■ Given information:

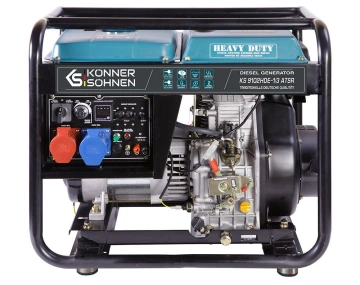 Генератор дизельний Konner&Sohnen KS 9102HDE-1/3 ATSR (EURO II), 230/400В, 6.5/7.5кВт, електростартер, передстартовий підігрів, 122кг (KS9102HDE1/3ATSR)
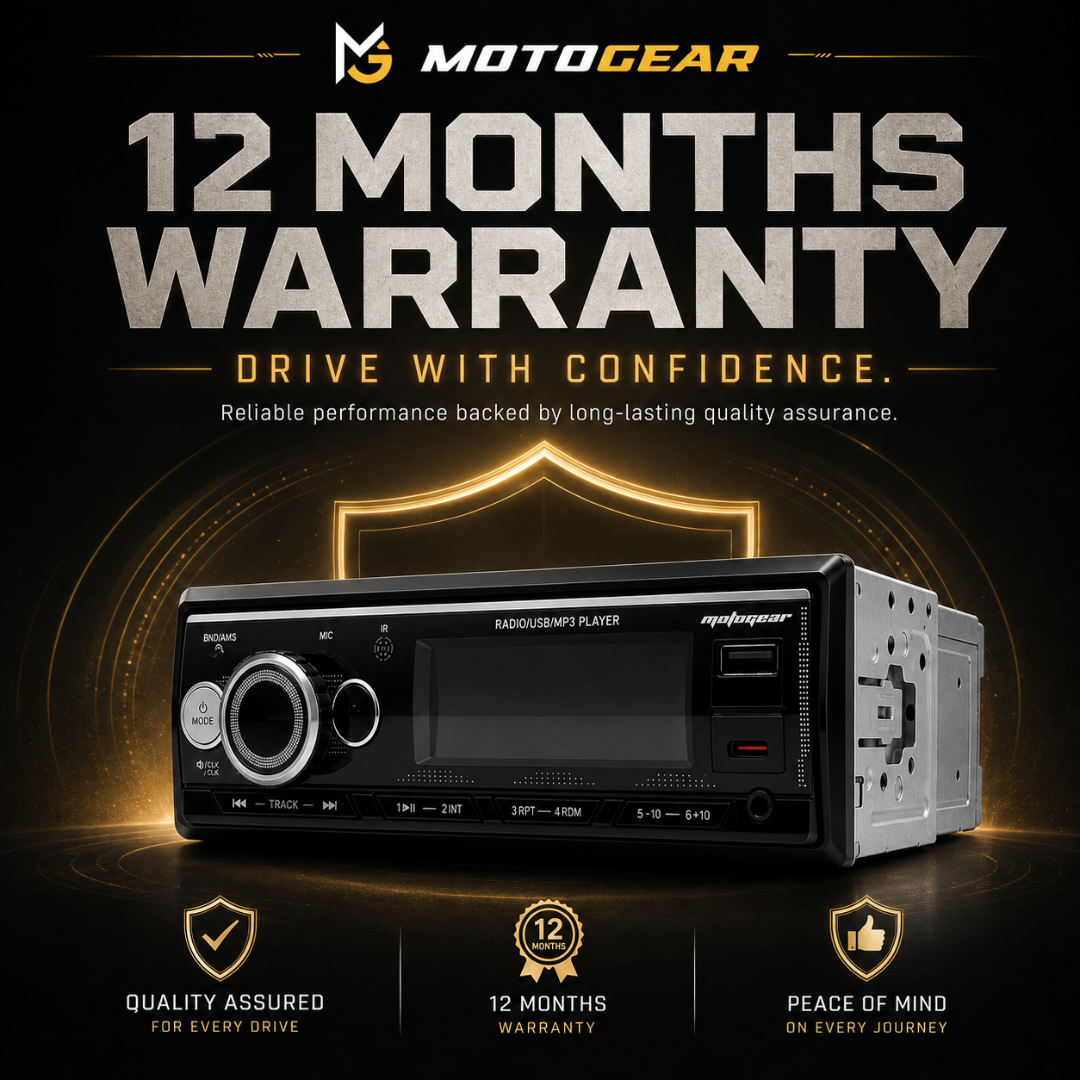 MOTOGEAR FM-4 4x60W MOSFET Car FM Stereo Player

---

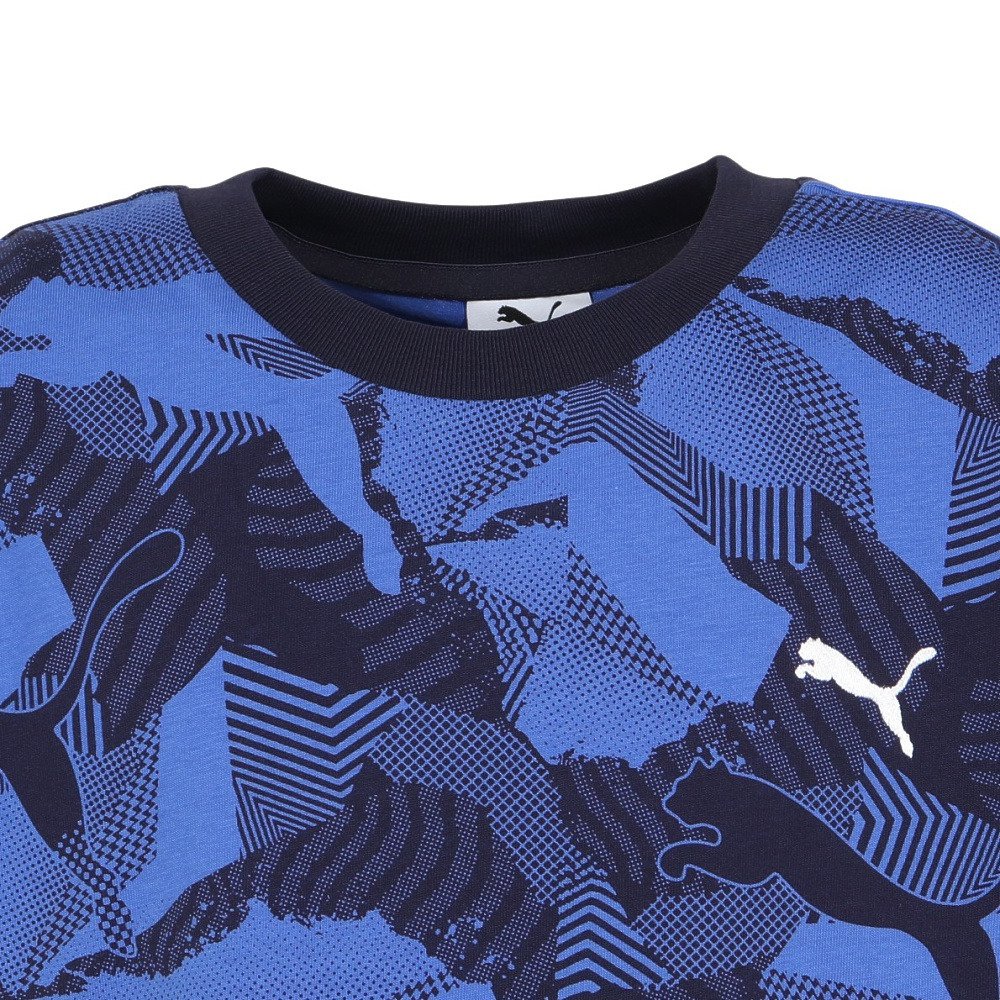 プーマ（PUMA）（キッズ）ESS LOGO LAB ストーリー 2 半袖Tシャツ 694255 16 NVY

==

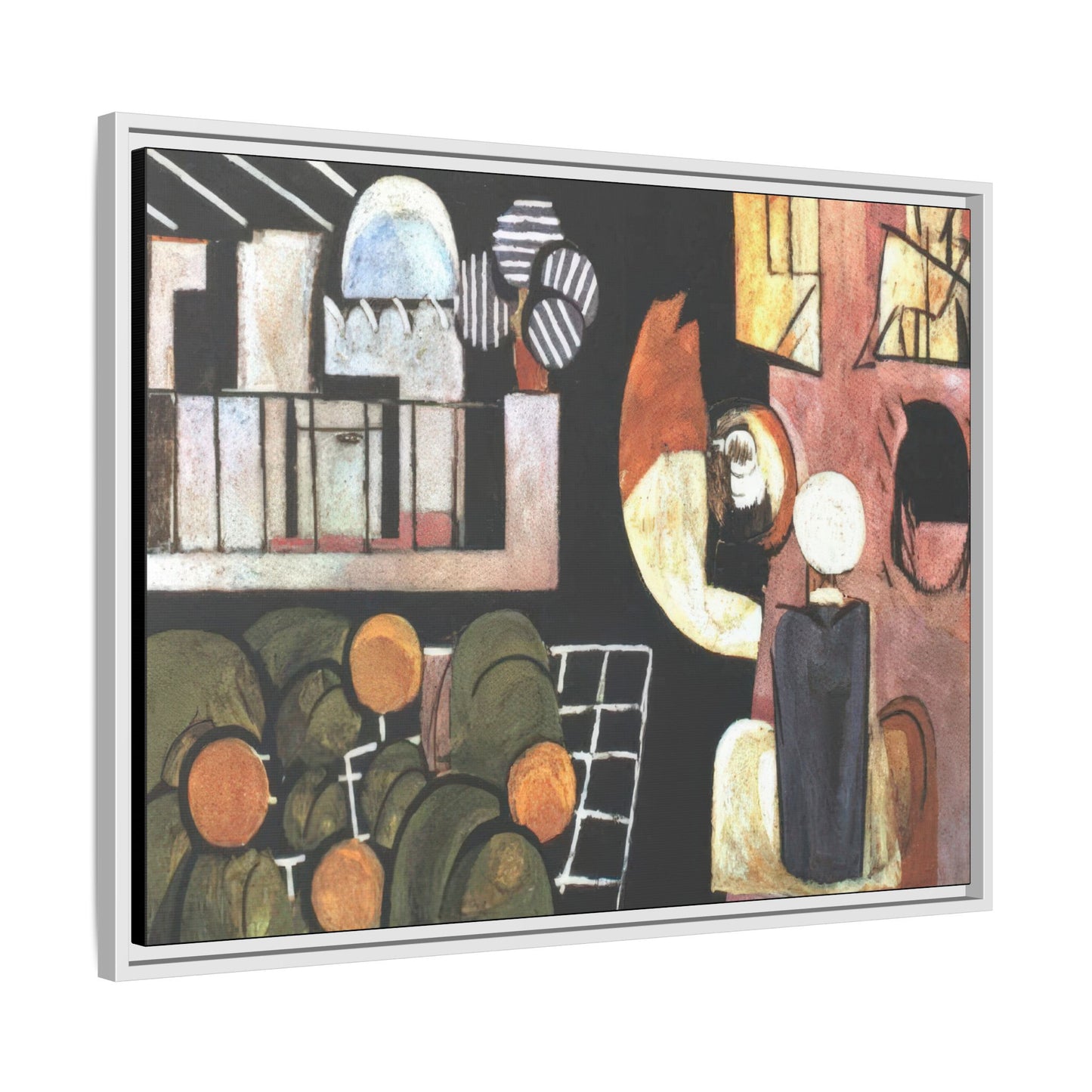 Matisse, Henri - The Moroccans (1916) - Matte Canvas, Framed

■ Exercise: Write out exactly the run of lines above that starts at the line containing "Генератор дизельний Konner&Sohnen" and ends at the line containing "MOTOGEAR FM-4 4x60W". Include both, and leave the pictures out.

■ Result:
 Генератор дизельний Konner&Sohnen KS 9102HDE-1/3 ATSR (EURO II), 230/400В, 6.5/7.5кВт, електростартер, передстартовий підігрів, 122кг (KS9102HDE1/3ATSR)
 MOTOGEAR FM-4 4x60W MOSFET Car FM Stereo Player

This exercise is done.